The instinct when monitoring availability is to ping the server — send a heartbeat every few seconds and check if it responds. If it responds, it's up.

Consider this scenario:

BFF instance is running             ✓
Health check endpoint returns 200   ✓
But: Redis circuit breaker is OPEN
Result: every home feed request returns 503

From the health check: server is healthy. From the user: blank home screen. The health check missed the actual failure entirely.

Availability must be measured on real user requests, not synthetic pings.
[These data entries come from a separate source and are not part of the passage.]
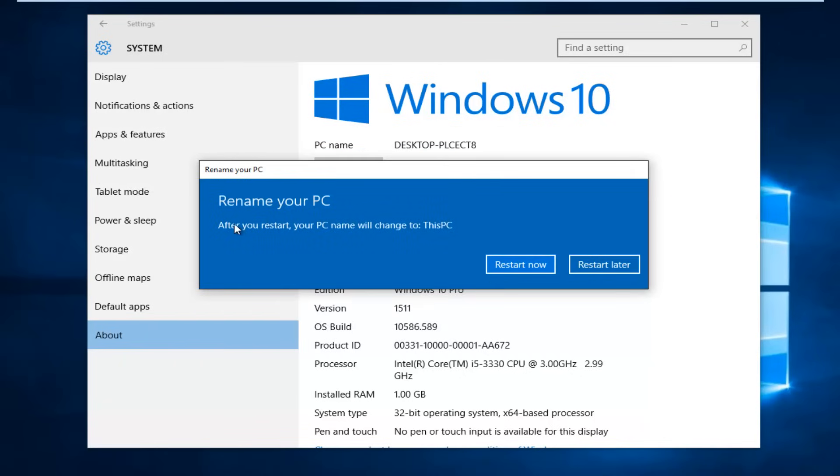And it's very simple. After you restart your PC, your PC name will change to whatever you set it to be. So I hope this brief tutorial helped you guys out. And I will catch you in the next video. Goodbye.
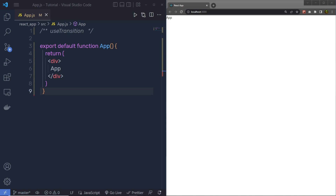Let's talk about the useTransition hook of React. The useTransition hook is used to prioritize UI updates. Sometimes some UI updates should be performed as quickly as possible, while others can have lower priority. For example, typing in an input field would be more important than filtering a list, so you specify priority to the input field first and then to the filtering of the list.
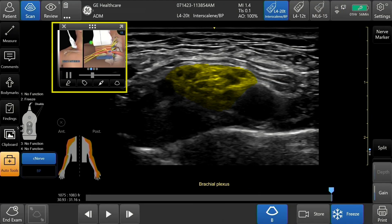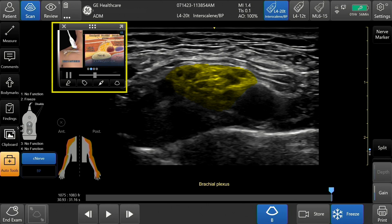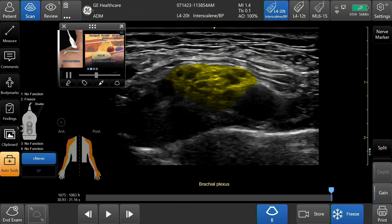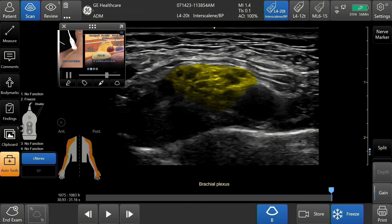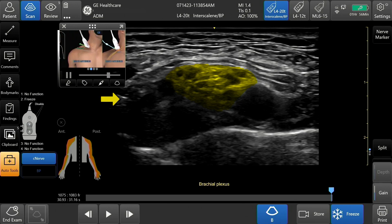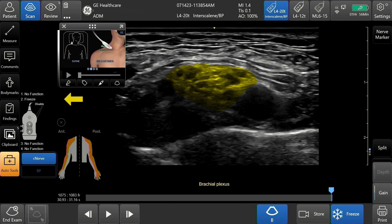The reference image can be seen in the upper left-hand corner of the image. It includes a dynamic video of probe position, anatomy, and reference image. During patient scanning, the reference image assists in acquiring the correct view and orientation.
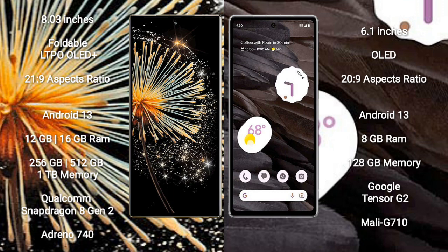Xiaomi Mix Fold 3 comes with 12GB or 16GB RAM and 256GB, 512GB, or 1TB internal storage. Qualcomm Snapdragon 8 Gen 2 processor and GPU Adreno 740.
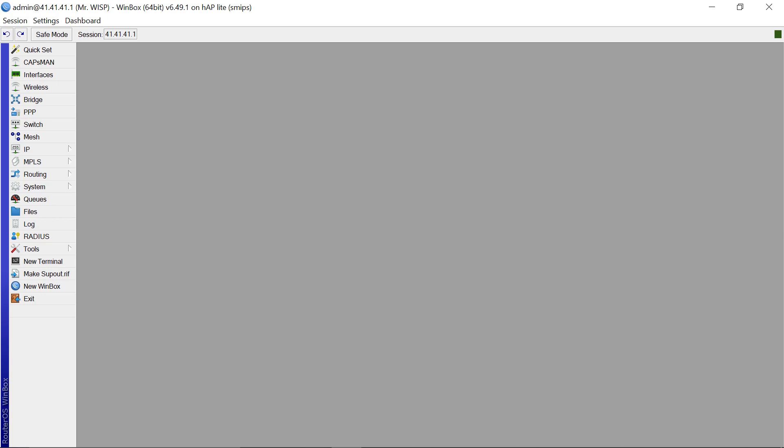Hello everybody, welcome back again to Mr. Wisp254. So in today's lesson I want us to go through how you can be able to use an address list, how you can be able to make an address list, and I also want to show you how you can be able to auto-generate an address list from any particular website.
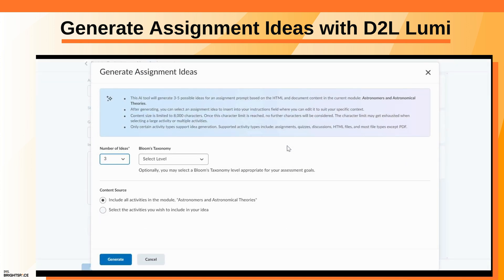Select the number of ideas you want to generate. Optionally, select a Bloom's Taxonomy level appropriate for your assessment goals.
The Availability SLI Formula#

Availability = successful operations / total operations

Stream start availability:

stream_start_attempts  — incremented on every Play button press
stream_start_successes — incremented when first chunk delivered to client

Stream start availability = stream_start_successes / stream_start_attempts
Target: 99.99%

Home feed availability:

home_feed_requests  — incremented on every GET /api/v1/home
home_feed_successes — incremented when BFF returns at least one row

Home feed availability = home_feed_successes / home_feed_requests
Target: 99.99%

Stream start and home feed are tracked separately. A CDN outage kills stream start availability while home feed stays healthy — genre metadata is cached in Redis and the BFF still responds. Measuring separately means the CDN failure pages immediately even when the home feed looks fine.


What Counts as Success#

For stream starts:

Play → manifest delivered → first chunk downloaded → frame rendered    ✓ success
Play → BFF returns 503                                                  ✗ failure
Play → manifest delivered → CDN timeout on chunk fetch                 ✗ failure
Play → entitlement check fails → 403 returned                          ✓ success (system worked correctly)
Play → user on slow network → quality drops to 480p but stream starts  ✓ success

A 403 for an unentitled user is a success — the system correctly enforced access control. A CDN timeout is a failure — the user wanted to watch and couldn't. Quality degradation is a success — the stream started, just at lower quality.

For home feed:

GET /api/v1/home → BFF returns 15 rows (Action service was down, row omitted)  ✓ success
GET /api/v1/home → BFF returns 503                                              ✗ failure
GET /api/v1/home → BFF returns 0 rows                                           ✗ failure

Graceful degradation counts as success. If the Action genre service is down and the BFF returns 19 rows instead of 20, that is a successful response — the system degraded gracefully without failing the user. A full 503 is the failure.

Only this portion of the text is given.